Lin : Très vite. Le Henan est une grande province agricole qui autrefois exportait
une grande quantité de céréales aux zones littorales ; mais
depuis l’entrée à l’OMC, des entreprises situées en bordure de
mer, sous l’influence du marché international, commencent déjà
à importer directement des céréales des pays étrangers.
J. :
Cela peut influencer fortement les réserves céréalières du Henan. On dit
que ses réserves de céréales atteignent 30 millions de tonnes,
ce qui dépasse la capacité d’entreposage de céréales de la province
(10,4 millions de tonnes). Dans ce contexte, il paraît que le
vice-gouverneur de la province, M. Wang Mingyi, « portant
l’armure pour aller au front », écoulerait les céréales et
que les paysans augmenteraient leur production mais ne pourraient
élever leur revenu. Face à ce défi, que fait le Henan ?
Lin : Depuis longtemps, le
gouvernement du Henan est fin prêt. Il a d’abord demandé d’élever
la qualité des produits agricoles pour participer à la concurrence
dans le marché international après l’entrée à l’OMC.
Par
exemple, au début de 1999, à titre de délégué de l’APN et de concert
avec d’autres scientifiques du domaine agricole, nous avons avancé
une proposition aux dirigeants du gouvernement provincial :
axer le développement sur la culture du blé de bonne qualité pour
ajuster la structure agricole afin d’ouvrir une brèche et briser
le joug.

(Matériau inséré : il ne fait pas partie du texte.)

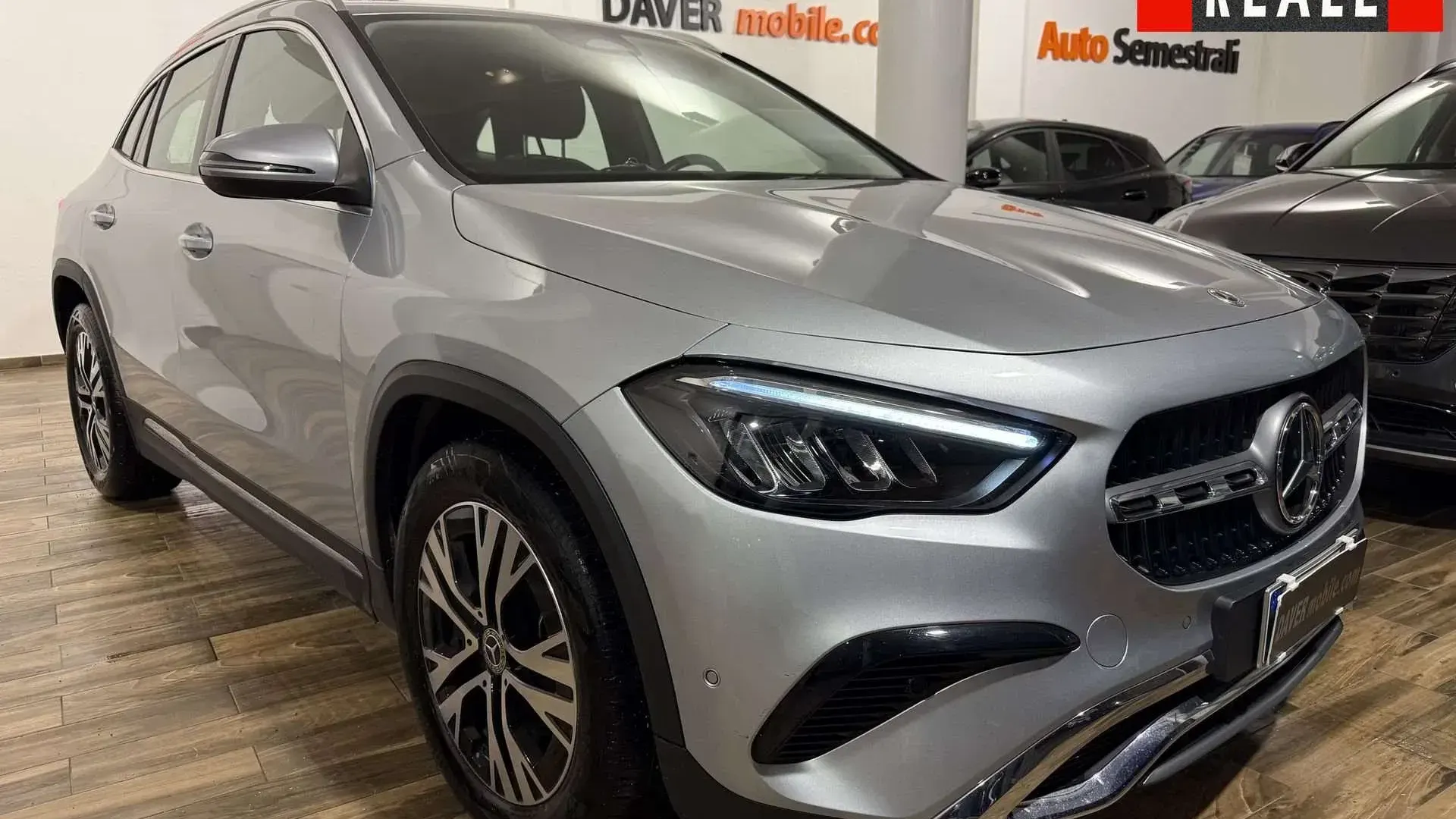 Mercedes-Benz GLA 180 GLA 180 d Automatic Progressive Advanced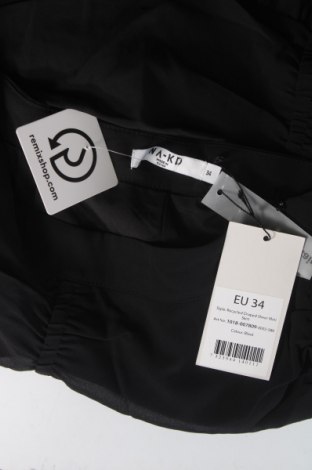 Fustă NA-KD, Mărime XS, Culoare Negru, Preț 91,99 Lei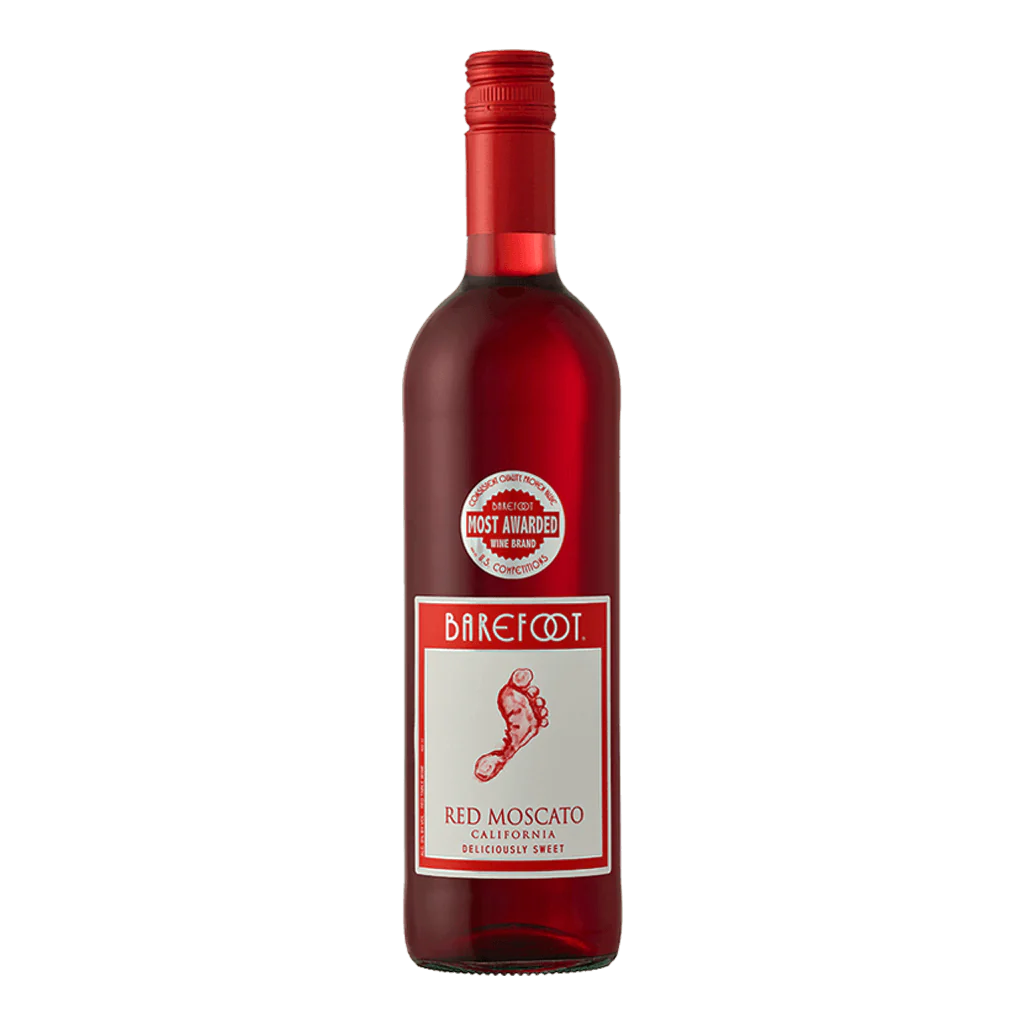 Barefoot Red Moscato (750mL)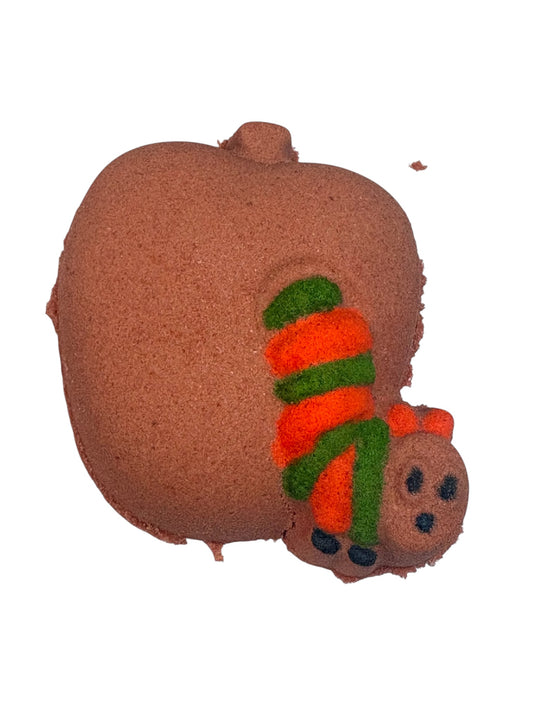 Hungry Caterpillar inspired bath bomb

En avril de cette année-là, pour encourager
la généralisation du blé de bonne qualité, le gouvernement du
Henan a autorisé officiellement une augmentation de 15 % du prix
d’achat du blé de bonne qualité. Dès
ce moment, dans cette province, on a cultivé un meilleur
blé. Les paysans ne connaissaient pas l’OMC, mais ils ont senti
le changement du marché par le supplément d’argent gagné comparé
à autrefois. Devant les centres de stockage de céréales, les ventes
de céréales se déroulent tous les jours de manière ininterrompue
J. : D’après nos informations,
la culture du blé de bonne qualité se développe vite, la superficie
cultivée étant passée de 5 millions de mu (un mu= 1/15 ha) à 21
millions de mu et le
prix d’achat du Henan ayant
dépassé celui du marché de 2000. Pour cette raison, augmenter
la production peut faire augmenter le revenu.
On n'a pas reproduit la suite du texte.